You may also want to monitor internet activity using browser history or more robust computer monitoring tools. Software programs can help you monitor internet usage and block unsafe or adult websites.
These methods can apply to tablets, phones, and other mobile devices as well.
3. Set Enforceable Rules
As the parent, you can set rules around your child’s online time. You may want to set time limits for internet use and restrict which websites your child can visit. A list of enforceable house rules – along with consequences for breaking them – can be posted by the computer or attached to the family tablet.
Any rule list should include restrictions on the information children share about themselves and others, which leads to the next strategy:
4. Teach Good Privacy Habits
You can teach your kids to protect their personal information online. Make sure they understand good privacy practices, including:
- Never sharing names, phone numbers, email addresses, passwords, school information, or pictures of themselves, friends, or family members without your permission.
- Never clicking links or opening attachments in emails from people or sources they can’t verify.
- Never messaging with strangers.
- Never meeting up in person with anyone they meet online.
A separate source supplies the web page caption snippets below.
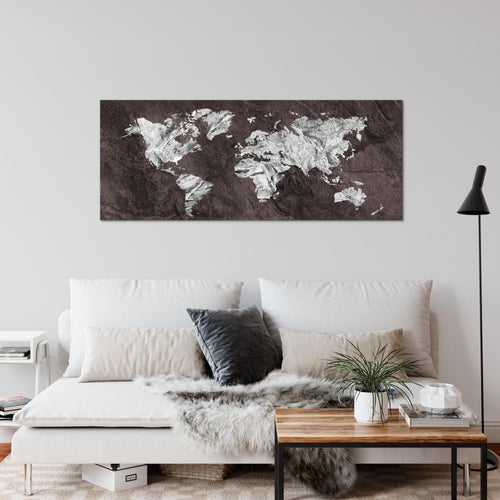 Runa Art Wandbild Weltkarte 1 Teilig 100 x 40 cm Modern Bild auf Vlies Leinwand Karte Beton Büro Wohnzimmer Grün 002912c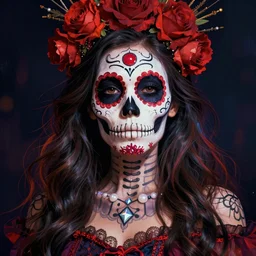 illustration of a sugar skull day of the dead girl, art by tom richmond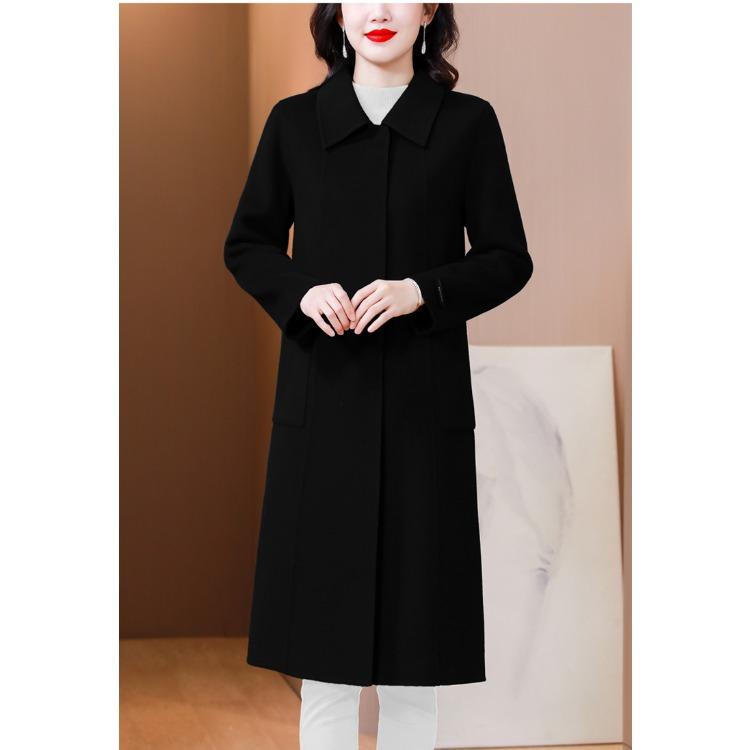 Элегантное шерстяное пальто больших размеров для женщин, модная и стройнящая длинная куртка с высоким качеством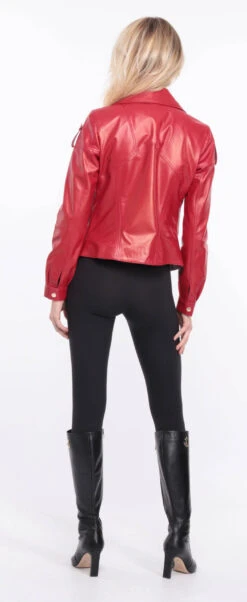 Blouson Biker Agneau Rouge Femme " LYNE " -Maroquinerie blouson cuir femme rouge lyna 4 014473400 1406 01072023 scaled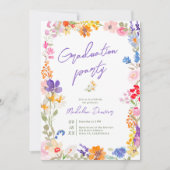 Bold Boho Bright Wildflower Photo Graduation Einladung (Vorderseite)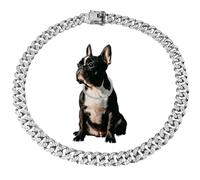 Silver Cuban Link Chain Collar for Dogs, Bling Cats Necklace Metal Crystal Sparkly Diamond Rhinestone Puppy Chain Collars for Small Medium Large Gilrs Female Boys,18 inch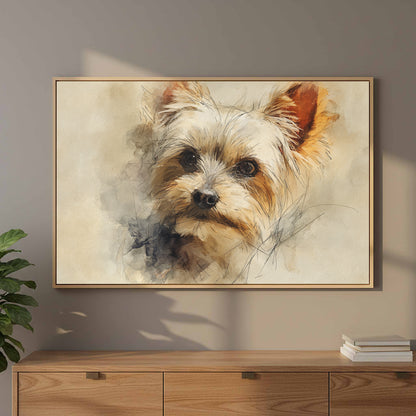 Yorkshire Terrier Watercolor Canvas Print – styled room view 11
Remember, even if your child isn’t risking their privacy, the information they share online could come back to haunt them. An inappropriate picture, mean comments, or online rants are all easy mistakes for children and young adults to fall into – but those actions can have real life consequences. Make sure your child understands that the information they share online can be permanently attached to their name.
5. Practice Good Habits Yourself
You can teach your kids by example. Make sure to follow good online security habits and protect your personal data and privacy as well. Be careful about the information you share on social media, make sure to use websites you can trust, and protect your personal data from thieves. A good rule of thumb? Avoid sharing any information online that you wouldn’t volunteer to a stranger.